● Your assignment:
Give back only the line containing "Six sequential frames" and every line after it through the end of the data below, transcribed exactly.

Scraped caption text data:
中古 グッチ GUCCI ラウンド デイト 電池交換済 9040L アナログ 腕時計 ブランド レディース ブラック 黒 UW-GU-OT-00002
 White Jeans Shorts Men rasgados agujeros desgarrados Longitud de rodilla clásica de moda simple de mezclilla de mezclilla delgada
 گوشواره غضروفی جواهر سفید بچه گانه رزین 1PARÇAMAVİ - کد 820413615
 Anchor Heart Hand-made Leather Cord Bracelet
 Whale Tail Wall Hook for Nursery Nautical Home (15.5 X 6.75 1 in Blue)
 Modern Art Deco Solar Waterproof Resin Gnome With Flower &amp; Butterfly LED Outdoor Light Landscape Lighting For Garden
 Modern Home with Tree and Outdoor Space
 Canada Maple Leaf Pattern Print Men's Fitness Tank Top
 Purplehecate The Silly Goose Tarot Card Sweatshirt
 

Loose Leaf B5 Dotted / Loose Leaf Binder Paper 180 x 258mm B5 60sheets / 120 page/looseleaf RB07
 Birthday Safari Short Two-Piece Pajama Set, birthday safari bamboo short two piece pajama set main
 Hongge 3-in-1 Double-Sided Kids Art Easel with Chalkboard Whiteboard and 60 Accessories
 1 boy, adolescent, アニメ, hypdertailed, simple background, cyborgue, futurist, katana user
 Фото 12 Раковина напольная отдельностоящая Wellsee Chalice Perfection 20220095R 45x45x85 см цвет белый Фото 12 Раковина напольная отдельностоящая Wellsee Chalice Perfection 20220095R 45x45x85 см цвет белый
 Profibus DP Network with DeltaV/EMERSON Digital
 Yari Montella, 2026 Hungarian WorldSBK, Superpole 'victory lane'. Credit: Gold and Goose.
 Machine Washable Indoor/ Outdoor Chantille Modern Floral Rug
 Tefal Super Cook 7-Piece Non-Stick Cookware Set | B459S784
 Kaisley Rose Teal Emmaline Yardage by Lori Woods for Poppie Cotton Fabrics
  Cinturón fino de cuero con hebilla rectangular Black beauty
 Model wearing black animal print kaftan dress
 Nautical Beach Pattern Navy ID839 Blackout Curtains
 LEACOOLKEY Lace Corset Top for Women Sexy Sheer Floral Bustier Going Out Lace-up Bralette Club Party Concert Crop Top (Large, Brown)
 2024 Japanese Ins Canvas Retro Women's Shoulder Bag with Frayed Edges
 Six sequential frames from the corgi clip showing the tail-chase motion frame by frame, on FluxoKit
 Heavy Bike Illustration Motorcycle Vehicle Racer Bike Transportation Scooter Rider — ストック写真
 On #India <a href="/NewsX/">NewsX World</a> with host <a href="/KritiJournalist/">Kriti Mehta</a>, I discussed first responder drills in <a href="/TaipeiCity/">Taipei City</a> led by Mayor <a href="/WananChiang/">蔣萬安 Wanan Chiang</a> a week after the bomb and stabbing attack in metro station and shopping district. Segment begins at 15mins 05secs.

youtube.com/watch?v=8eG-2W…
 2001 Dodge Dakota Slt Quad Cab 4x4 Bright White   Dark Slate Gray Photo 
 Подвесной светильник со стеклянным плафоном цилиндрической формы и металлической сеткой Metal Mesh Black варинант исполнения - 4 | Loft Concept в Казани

● Result for this exercise:
 Six sequential frames from the corgi clip showing the tail-chase motion frame by frame, on FluxoKit
 Heavy Bike Illustration Motorcycle Vehicle Racer Bike Transportation Scooter Rider — ストック写真
 On #India <a href="/NewsX/">NewsX World</a> with host <a href="/KritiJournalist/">Kriti Mehta</a>, I discussed first responder drills in <a href="/TaipeiCity/">Taipei City</a> led by Mayor <a href="/WananChiang/">蔣萬安 Wanan Chiang</a> a week after the bomb and stabbing attack in metro station and shopping district. Segment begins at 15mins 05secs.

youtube.com/watch?v=8eG-2W…
 2001 Dodge Dakota Slt Quad Cab 4x4 Bright White   Dark Slate Gray Photo 
 Подвесной светильник со стеклянным плафоном цилиндрической формы и металлической сеткой Metal Mesh Black варинант исполнения - 4 | Loft Concept в Казани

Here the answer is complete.